The standard error in Group A’s data is 0.008 s. This is the estimate of the experimental uncertainty, due to random errors, in the measure of the true value. You will note that the uncertainty appears in the thousandth’s place, even though each individual measurement was only made to the hundredth’s place. This is OK, as we expect the mean to contain more information about the true value than any single measurement would have. Group A should keep enough significant digits in their mean so that the standard error matters. With a standard error of 0.008 s, more is known than 7.99 s shows. They should report their result as 7.986 ± 0.008 s. This means (again, without proof or explanation) that the probability is about 68% that the true value lies in the range 7.978 s to 7.994 s (within one standard error from the mean) and the probability is about 95% that the true value lies in the range 7.970 s to 8.002 s (within two standard errors from the mean).

Now that I have the standard error, how do I use it?

Consider the range two standard errors from the mean. If the theoretical value lies outside this range, and the probability is only 5% that the true value lies outside the range (since the probability is 95% that it lies inside the range), one can claim that the theory does not agree with the experiment (or vice versa), and only be wrong 5% of the time. If one only looked at the range one standard error from the mean, one would be mistaken in such a claim 32% of the time. One can come up with other rates for making this mistake, such as 10% of the time using a range 1.65 standard errors from the mean, and one can certainly use more sophisticated statistical tests, but two standard errors, claiming disagreement wrongly only 5% of the time is a quick, easy, and reasonable test.

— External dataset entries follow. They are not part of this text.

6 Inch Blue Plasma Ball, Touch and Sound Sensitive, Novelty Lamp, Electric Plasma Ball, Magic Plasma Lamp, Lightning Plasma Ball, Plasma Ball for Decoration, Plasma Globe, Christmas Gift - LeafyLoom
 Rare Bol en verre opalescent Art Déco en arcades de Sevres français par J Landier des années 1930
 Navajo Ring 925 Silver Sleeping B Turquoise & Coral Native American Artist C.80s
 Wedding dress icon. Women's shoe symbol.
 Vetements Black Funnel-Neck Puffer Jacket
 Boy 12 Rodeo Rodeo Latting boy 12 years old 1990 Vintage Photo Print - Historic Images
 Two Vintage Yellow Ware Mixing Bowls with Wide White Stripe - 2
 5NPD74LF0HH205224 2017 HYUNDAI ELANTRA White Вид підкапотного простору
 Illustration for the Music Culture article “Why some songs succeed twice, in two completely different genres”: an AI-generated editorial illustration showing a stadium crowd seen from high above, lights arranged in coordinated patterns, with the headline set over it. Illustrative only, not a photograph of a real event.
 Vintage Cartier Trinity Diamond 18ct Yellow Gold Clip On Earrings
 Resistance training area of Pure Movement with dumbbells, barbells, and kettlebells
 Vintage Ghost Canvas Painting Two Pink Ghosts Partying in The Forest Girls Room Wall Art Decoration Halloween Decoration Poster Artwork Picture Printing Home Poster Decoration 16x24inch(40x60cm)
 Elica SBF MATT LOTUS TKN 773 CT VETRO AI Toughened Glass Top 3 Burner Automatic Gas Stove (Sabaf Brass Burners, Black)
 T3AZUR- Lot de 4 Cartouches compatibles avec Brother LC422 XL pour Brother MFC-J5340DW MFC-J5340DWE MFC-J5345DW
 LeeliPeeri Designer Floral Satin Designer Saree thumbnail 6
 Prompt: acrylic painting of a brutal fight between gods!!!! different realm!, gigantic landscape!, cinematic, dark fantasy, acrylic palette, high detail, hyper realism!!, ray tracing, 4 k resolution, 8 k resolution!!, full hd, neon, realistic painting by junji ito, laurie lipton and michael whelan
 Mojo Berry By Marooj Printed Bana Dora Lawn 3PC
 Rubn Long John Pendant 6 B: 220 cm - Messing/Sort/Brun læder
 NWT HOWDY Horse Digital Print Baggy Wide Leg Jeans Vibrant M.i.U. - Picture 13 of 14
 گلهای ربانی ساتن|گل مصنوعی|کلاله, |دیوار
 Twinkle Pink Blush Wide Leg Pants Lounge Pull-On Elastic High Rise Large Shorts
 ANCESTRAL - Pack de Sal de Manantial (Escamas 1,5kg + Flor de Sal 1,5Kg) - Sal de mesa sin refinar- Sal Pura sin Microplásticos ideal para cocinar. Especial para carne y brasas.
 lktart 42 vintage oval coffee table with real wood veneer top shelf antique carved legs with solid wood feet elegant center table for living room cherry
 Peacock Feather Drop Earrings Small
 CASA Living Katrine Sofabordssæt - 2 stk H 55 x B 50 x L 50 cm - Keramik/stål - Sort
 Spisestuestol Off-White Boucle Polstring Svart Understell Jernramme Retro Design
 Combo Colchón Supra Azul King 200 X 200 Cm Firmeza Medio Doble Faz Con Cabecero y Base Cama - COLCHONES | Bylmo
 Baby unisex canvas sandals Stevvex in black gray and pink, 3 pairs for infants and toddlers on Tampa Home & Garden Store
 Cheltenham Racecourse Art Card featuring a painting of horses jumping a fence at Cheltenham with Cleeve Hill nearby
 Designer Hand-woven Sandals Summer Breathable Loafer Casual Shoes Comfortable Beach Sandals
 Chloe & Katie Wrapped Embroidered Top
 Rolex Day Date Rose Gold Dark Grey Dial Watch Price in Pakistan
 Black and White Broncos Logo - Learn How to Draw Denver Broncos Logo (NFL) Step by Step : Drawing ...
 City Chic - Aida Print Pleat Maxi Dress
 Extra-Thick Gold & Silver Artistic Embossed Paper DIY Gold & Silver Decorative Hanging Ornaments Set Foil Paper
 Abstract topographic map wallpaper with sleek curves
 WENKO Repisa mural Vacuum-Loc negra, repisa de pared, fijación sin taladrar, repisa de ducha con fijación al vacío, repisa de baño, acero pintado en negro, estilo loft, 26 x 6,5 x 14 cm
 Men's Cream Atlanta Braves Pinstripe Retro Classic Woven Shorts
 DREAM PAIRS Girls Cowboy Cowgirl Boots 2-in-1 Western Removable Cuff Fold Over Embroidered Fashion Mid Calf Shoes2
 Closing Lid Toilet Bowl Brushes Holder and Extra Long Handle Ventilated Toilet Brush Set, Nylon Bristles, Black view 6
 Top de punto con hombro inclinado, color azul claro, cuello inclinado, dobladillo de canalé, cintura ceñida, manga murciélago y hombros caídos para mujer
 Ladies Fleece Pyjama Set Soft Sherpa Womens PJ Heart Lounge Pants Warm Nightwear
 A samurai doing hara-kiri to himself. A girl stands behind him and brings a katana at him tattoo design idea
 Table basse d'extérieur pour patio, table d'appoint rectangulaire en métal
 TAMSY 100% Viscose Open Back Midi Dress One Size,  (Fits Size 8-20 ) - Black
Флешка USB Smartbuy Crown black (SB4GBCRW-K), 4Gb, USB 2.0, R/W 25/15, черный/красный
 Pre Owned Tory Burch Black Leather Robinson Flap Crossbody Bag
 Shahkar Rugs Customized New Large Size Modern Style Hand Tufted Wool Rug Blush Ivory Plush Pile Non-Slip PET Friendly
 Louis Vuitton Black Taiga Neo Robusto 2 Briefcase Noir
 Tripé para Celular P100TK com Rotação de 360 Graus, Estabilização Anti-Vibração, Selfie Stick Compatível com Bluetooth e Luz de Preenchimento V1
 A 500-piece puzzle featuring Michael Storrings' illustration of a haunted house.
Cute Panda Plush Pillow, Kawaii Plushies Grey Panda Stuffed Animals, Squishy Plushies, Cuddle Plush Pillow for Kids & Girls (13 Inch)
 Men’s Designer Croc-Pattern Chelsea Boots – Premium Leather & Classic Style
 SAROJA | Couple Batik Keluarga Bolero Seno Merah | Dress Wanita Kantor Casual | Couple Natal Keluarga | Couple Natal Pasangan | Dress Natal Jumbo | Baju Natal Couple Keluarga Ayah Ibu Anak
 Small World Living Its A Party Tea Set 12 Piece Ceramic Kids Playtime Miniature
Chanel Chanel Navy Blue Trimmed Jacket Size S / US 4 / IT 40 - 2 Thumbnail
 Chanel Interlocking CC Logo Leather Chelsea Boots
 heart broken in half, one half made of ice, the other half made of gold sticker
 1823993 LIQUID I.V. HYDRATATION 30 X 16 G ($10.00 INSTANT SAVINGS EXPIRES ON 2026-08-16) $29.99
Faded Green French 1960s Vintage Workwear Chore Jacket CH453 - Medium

One should report, then, the mean plus or minus one standard error as one’s result, but should check a range of two standard errors each way when deciding whether or not theory and experiment agree.

Systematic Errors

In addition to random errors, which can make results either too high or too low and can be measured statistically, there are also systematic errors, which tend to operate in only one direction, and cannot be treated with statistics. Systematic errors are a sign that something is wrong, either the theory (such as using a theory that neglects friction in an environment in which there is friction), or the equipment (such as measuring lengths with a meter stick that has a couple of millimeters worn off the end). You will note that these effects always act the same way, friction always making objects move slower and not as far as they would without it, and the meter stick consistently overstating lengths by a couple of millimeters. Because these effects are consistent, they cannot be measured with statistics, and can only be dealt with by thinking carefully about your experiment and your theory.

(Another situation that often looks like a systematic error is a simple math mistake. If you are calculating the volume of spheres from their diameters, and you leave the π out of the equation, your results will always be too small by a factor of π. This looks like a systematic error, which is a hint that something is wrong, and your careful thought should then lead you to correcting the mistake.)

If theory and experiment differ by more than the estimate of random error (two standard errors), the excess must be due to systematic error. Ultimately, if all the equipment is working properly, and theory includes every effect that we know of, and there is still a systematic error, then there must be some effect that we do not know of, and the theory must be adjusted to include it. This is how scientific knowledge is advanced.